Driverless mobility will also have far-reaching impacts on the EU economy as a whole, affecting its competitiveness and technological leadership, its growth potential (productivity and spill-over effects for other sectors including telecommunications or electronic commerce) and labour markets (redundancies but also new jobs and demand for new skills).
For Europe to remain in the global avant-garde of vehicle automation and connectivity and keep jobs in the EU, it is essential that key technologies are developed in Europe, that automated and autonomous driving is safe, and that the legal framework is modern and offers the right environment for technological progress.
European industry is well-positioned to compete globally. The EU car industry is one of the most competitive in the world, thanks to its technological innovations. The EU is a global leader in automation. Galileo satellite navigation services are also a clear asset offering better precision for positioning. Of course, as with every disruptive technology, the rollout of driverless vehicles will create risks as well as opportunities. Nevertheless, first estimates point to an overall encouraging economic effects, provided the EU seizes the opportunities and attracts related jobs on its territory.
According to research, over ninety per cent of accidents are caused by human error. By removing the need for a driver, autonomous vehicles should significantly improve road safety. For example, driverless vehicles will better respect traffic rules and will react quicker than humans. Connected and automated vehicles can also help to reduce congestion, since they will make it easier to share vehicles and will foster new and improved business models (i.e. mobility as a service), making car ownership in cities less attractive.
The EU has already begun to prepare the ground, for example with the adoption of strategies on cooperative intelligent transport systems
, as well as on future 5G communications technology. Unlike other parts of the world, much of the necessary legal framework is already in place in the EU. For example, the European vehicle type-approval framework was overhauled in 2018 introducing market surveillance rules, which ensure that a genuine EU internal market is in place for vehicles, including for driverless vehicles. This EU framework serves as a benchmark for international harmonisation with international partners in the United Nations Economic Commission for Europe. The EU is also well-advanced on data protection rules that will frame the future of the digital single market.
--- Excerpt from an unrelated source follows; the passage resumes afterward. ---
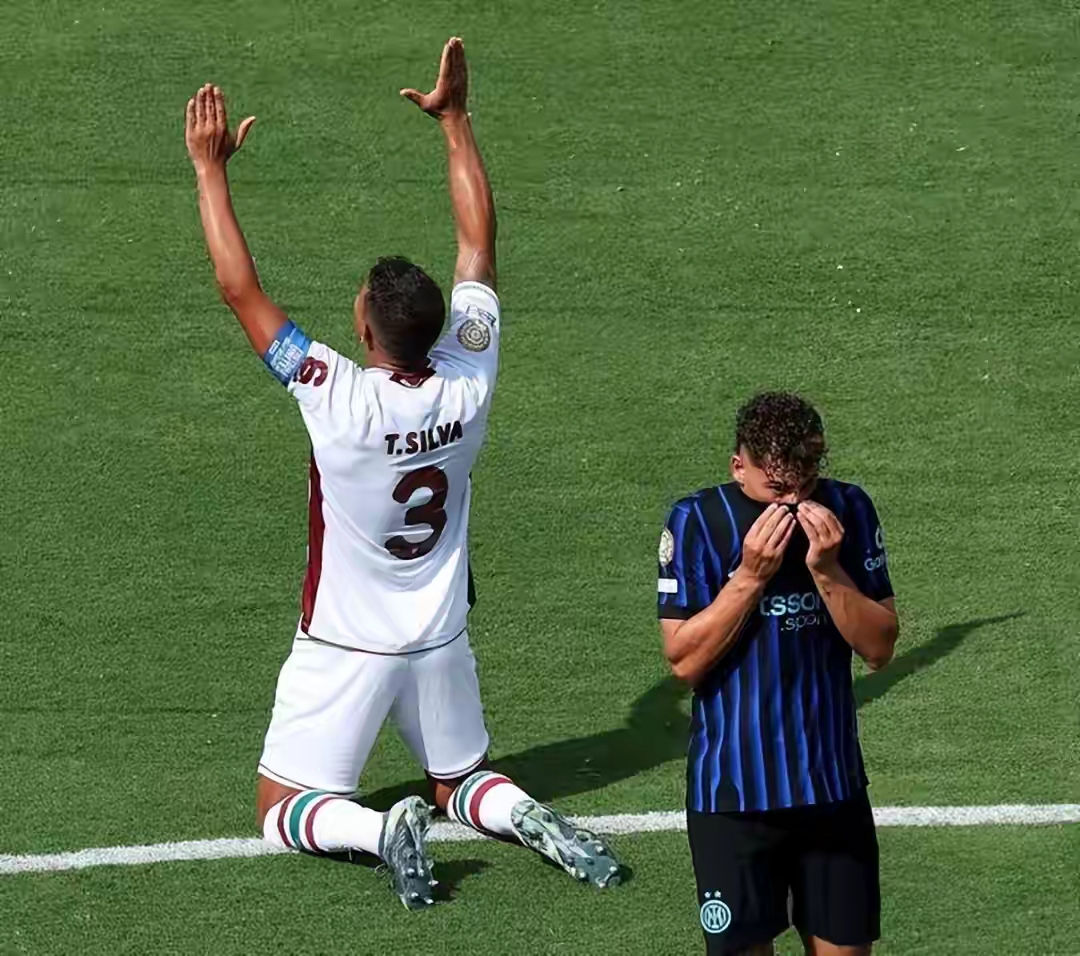 爱游戏平台-国际米兰发布备战花絮，赛后外线爆发，法国杯任务艰巨，临场指挥获称赞(国际米兰最新大名单)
However, more needs to be done. The EU needs a clear, forward-looking and determined agenda to maintain leadership in this highly competitive sector. Technology is moving fast and there is a strong need for a coordinated approach and priority setting for funding research, demonstration and deployment activities at European and national levels in order to make the most of the ongoing and future programmes, to maximise the concerted effort of public and private investment, and to fully exploit synergies between connectivity and automation. First steps have already been taking place on driverless vehicles at national level in the Member States (e.g. the United Kingdom, Germany, France, Sweden, Netherlands), especially when it comes to demonstrations and large-scale testing. Large-scale tests play an important role for developing and deploying the relevant technologies and fostering cooperation between the relevant actors, and the Commission supports cross-border coordination and large-scale cross-border trials of driverless vehicles with dedicated calls
Further enabling measures to guide the sector and the Member States are necessary to develop driverless vehicles and their interaction with future connectivity networks and other vehicles. They will include accelerating the deployment of services for cooperative intelligent transport systems. The Amsterdam Declaration called for clear EU guidance to avoid market fragmentation and make the right investment. Some Member States have already adopted their own strategies and are starting to adopt national legislation. At EU level, an internal market approach is necessary to ensure minimum levels of harmonisation and interoperability, as well as legal certainty.
In response to these multifaceted challenges and to reap the full benefit of the new opportunities offered by these technological developments, the Commission is proposing an EU approach built on three interrelated strategic objectives:
-developing key technologies and infrastructure to strengthen EU's competitiveness;
-ensuring safe and secure deployment of connected and automated driving;
-addressing the socio-economic impacts of driverless mobility.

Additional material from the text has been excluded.